### DESCRIPTION OF THE TASK
From the data below, return only the lines from the one with "Blouson crème en" through the one with "Góra Plaża Logo", exact and inclusive, with pictures left out.

### THE RECORDS
=== Section Start ===

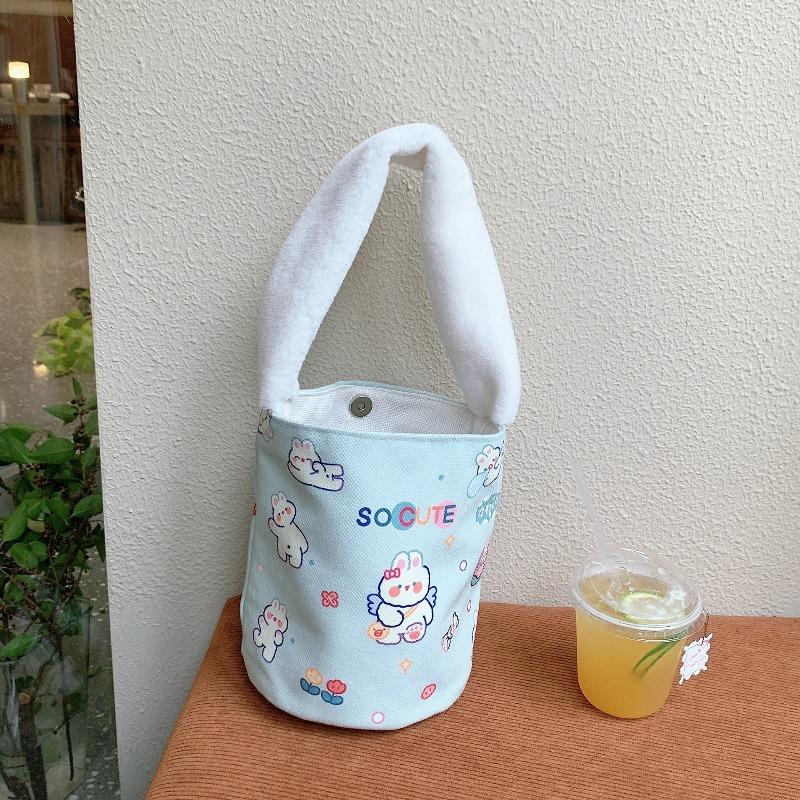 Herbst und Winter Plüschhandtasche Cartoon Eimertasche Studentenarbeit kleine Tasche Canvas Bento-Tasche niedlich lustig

=== Section End ===
=== Section Start ===

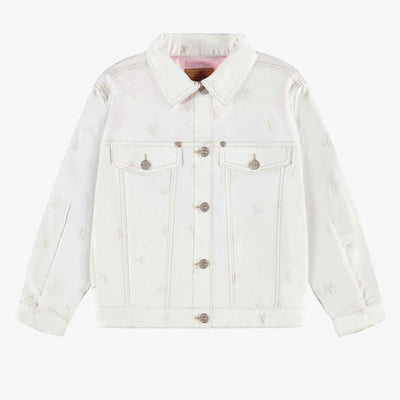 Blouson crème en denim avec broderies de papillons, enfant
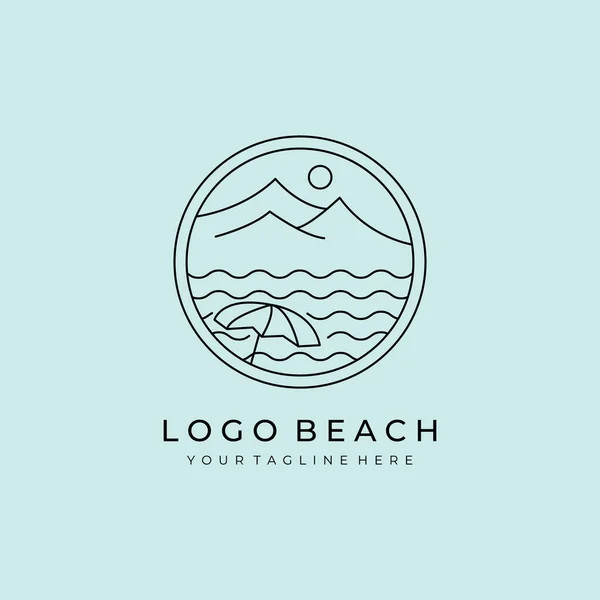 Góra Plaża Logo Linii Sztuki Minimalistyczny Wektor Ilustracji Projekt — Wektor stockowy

=== Section End ===

### YOUR SOLUTION
 Blouson crème en denim avec broderies de papillons, enfant
 Góra Plaża Logo Linii Sztuki Minimalistyczny Wektor Ilustracji Projekt — Wektor stockowy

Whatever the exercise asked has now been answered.